Пока до меня доходило, что Хасан 11 лет проработал не только без контракта на воду, законных туалетов, но и вообще без утвержденного архитектурного проекта, который, оказывается, обязателен — архитектор Борджиа назвал цену. Но не киоска из коряг, нет! Он назвал цену киоска из чего угодно, нарисованного на бумаге, — €6000. Заметим, что такой платеж нисколечки не гарантирует благосклонности семи (или девяти?) инстанций. То есть буквально покупаешь картину. Возможно, отравленную.

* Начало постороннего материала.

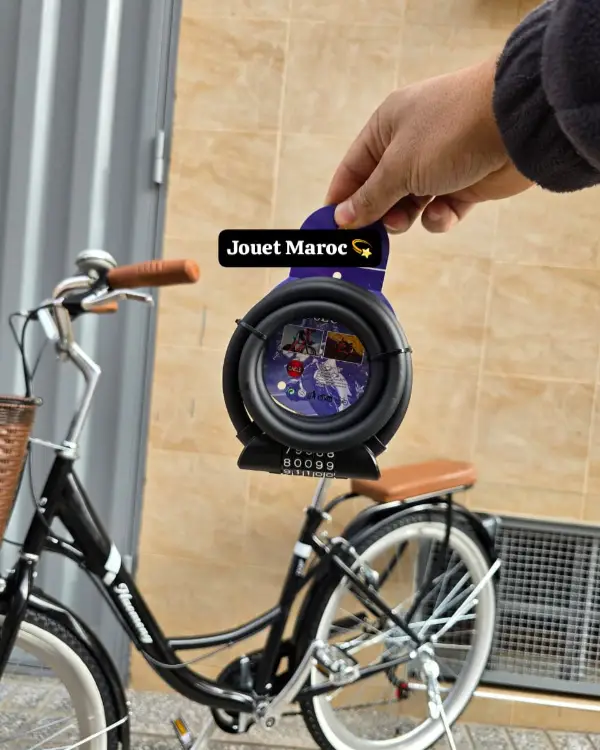 Vélo Madame Haomeng City Bike 12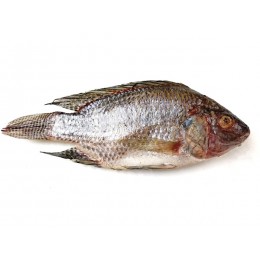 JONA Black Tilapia G&S IWP 500-800 gr 1 x 4 kg 20%-TH JONA Black Tilapia G&S IWP 500-800 gr 1 x 4 kg 20%-TH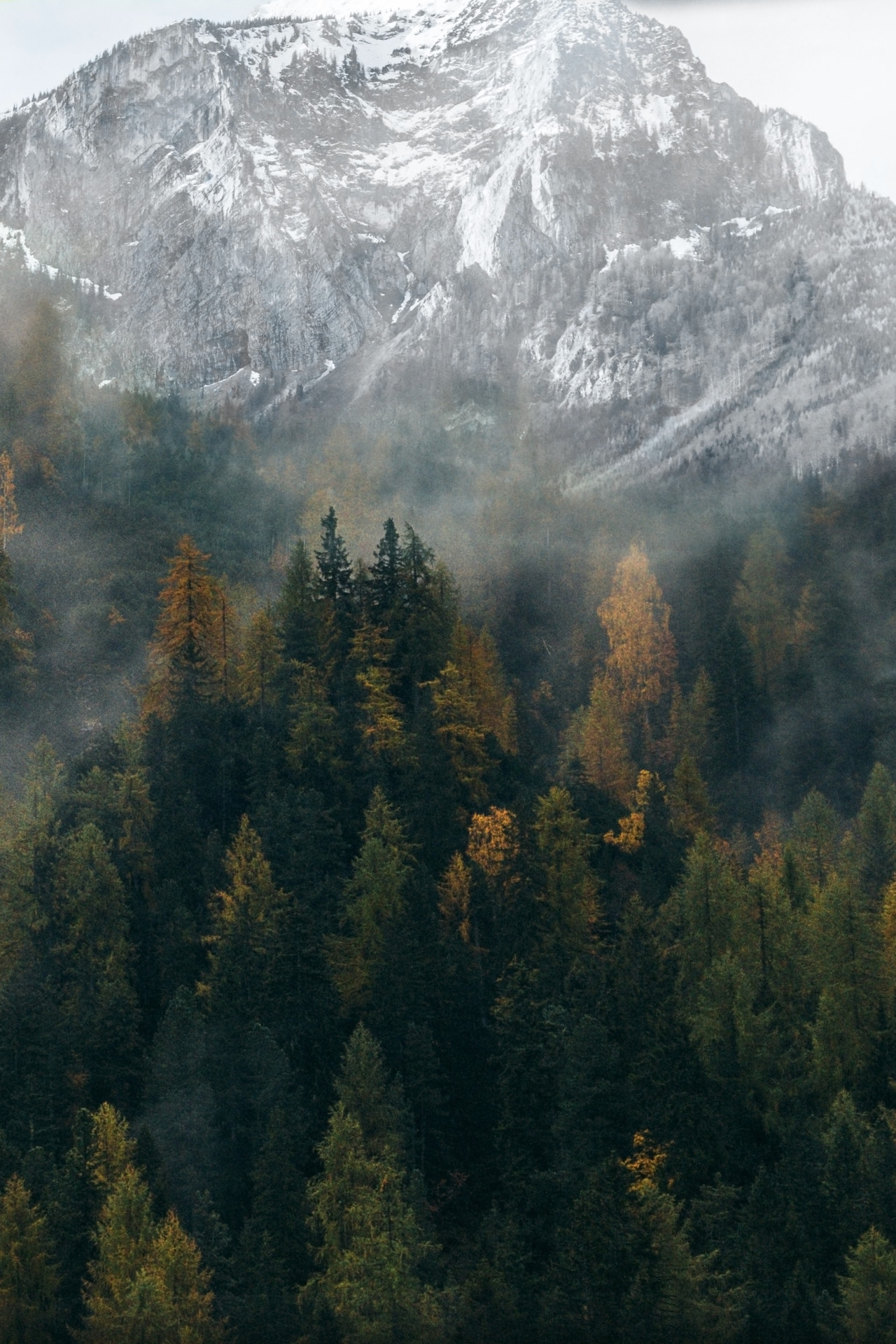 theencompassingworld:  lvndscpe:  Fog | by Andreas Kind This photo as wallpaper on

На деревянных ногах я зачем-то сходила к другому архитектору с другой фамилией, — его картина стоила €8000. И он был почти уверен, что инстанциям она понравится.
Я еще не открылась, а у итальянского государства уже было столько причин меня закрыть. Не знают, небось, за какую хвататься. И ладно бы просто закрыть. Всякий желающий оштрафовать меня на сумму от €1500 до €30 000 ни малейших затруднений на своем пути не встретит.

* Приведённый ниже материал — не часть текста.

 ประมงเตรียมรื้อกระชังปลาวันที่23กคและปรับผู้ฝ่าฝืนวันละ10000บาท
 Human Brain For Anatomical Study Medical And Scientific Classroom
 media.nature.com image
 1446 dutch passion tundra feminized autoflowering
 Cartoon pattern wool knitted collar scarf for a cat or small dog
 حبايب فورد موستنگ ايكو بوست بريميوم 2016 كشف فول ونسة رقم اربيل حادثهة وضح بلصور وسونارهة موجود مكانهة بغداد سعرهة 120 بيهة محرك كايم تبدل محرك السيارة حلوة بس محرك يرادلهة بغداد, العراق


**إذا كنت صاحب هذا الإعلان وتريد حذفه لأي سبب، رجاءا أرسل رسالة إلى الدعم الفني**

Узаконить все незаконное невозможно, потому что для этого не киоск, а нефтяное месторождение надо иметь. Все, что я могла себе позволить, — это срочно обзавестись лихим и придурковатым видом. Ну, или умоляюще-уважительным, как у Хасана. Главное, чтоб никто из начальства не заподозрил меня в каких-либо требованиях! И тогда, возможно, инженеры всея Сицилии продолжат закрывать глаза на то, что я ворую воду из коммунального душа, потому что больше неоткуда ее на пляже взять, а использовать на законных основаниях запрещено — она не питьевая! Людей ею мыть можно, а стаканы — нет. Кивать, воровать и молиться...
Хорошо, что до открытия бара я еще не знала самой главной характеристики сицилийского начальства. Оно кое-как опознается по табличкам на кабинетах, но вообще никак не промаркировано за дверьми этих кабинетов. А меж тем половина населения, вышедшего погулять в маленькой деревне, — это чиновники, политики и члены их семей. Вот почему, Катя, сейчас тебе будут вручать премию Оскар... о! вот с таким лицом теперь и живи.